These two nodes are not connected and so on.

Even though all of them are friends with that central node.

So, in this graph,

the average Clustering Coefficient is pretty high,

it's 0.93 because most nodes have

a very high Local Clustering Coefficient, except for one.

However, the Transitivity of this network is 0.23.

And that's because Transitivity weights the nodes with high degree higher.

And so, in this network,

there's one node with a very high degree compared to the others that has

a very small Local Clustering Coefficient compared to the others,

and Transitivity penalizes that.

So, you get a much lower Transitivity.

Okay. Can you see an example that goes the other way around?

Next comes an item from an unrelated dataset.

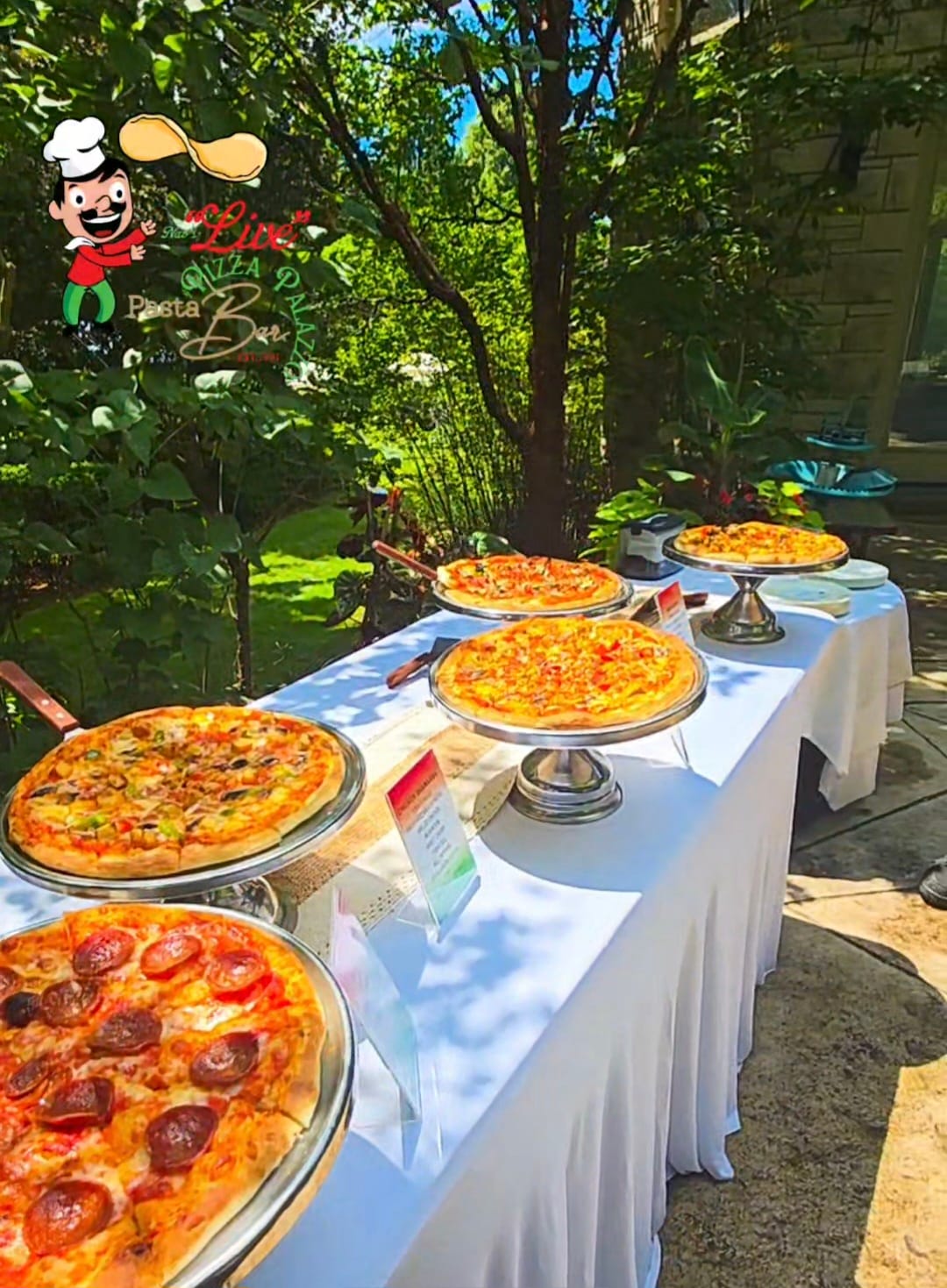 Outdoor live pizza display on a white-linen table in a garden setting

Well, here is this network. In this network,

most nodes have a very low Local Clustering Coefficient.

So, each one of these outer nodes here has a Local Clustering Coefficient

of zero because they either have

only one friend or they have two friends but those two are not connected.

And, there are 15 nodes like that.

The nodes inside here,

there are only five nodes like that and they have high degree,

and then they have high Local Clustering Coefficient.

So, when you look at the average Clustering Coefficient and Transitivity,

you find that the average Local Clustering Coefficient

of this network is pretty low because most nodes,

the 15 outer nodes,

have very low Local Clustering Coefficient.

However, the Transitivity is high because the nodes with

high degree happen to have high Local Clustering Coefficient.

So, these two graphs showed you the differences between the Local Clustering Coefficient,

the average Local Clustering Coefficient, and Transitivity.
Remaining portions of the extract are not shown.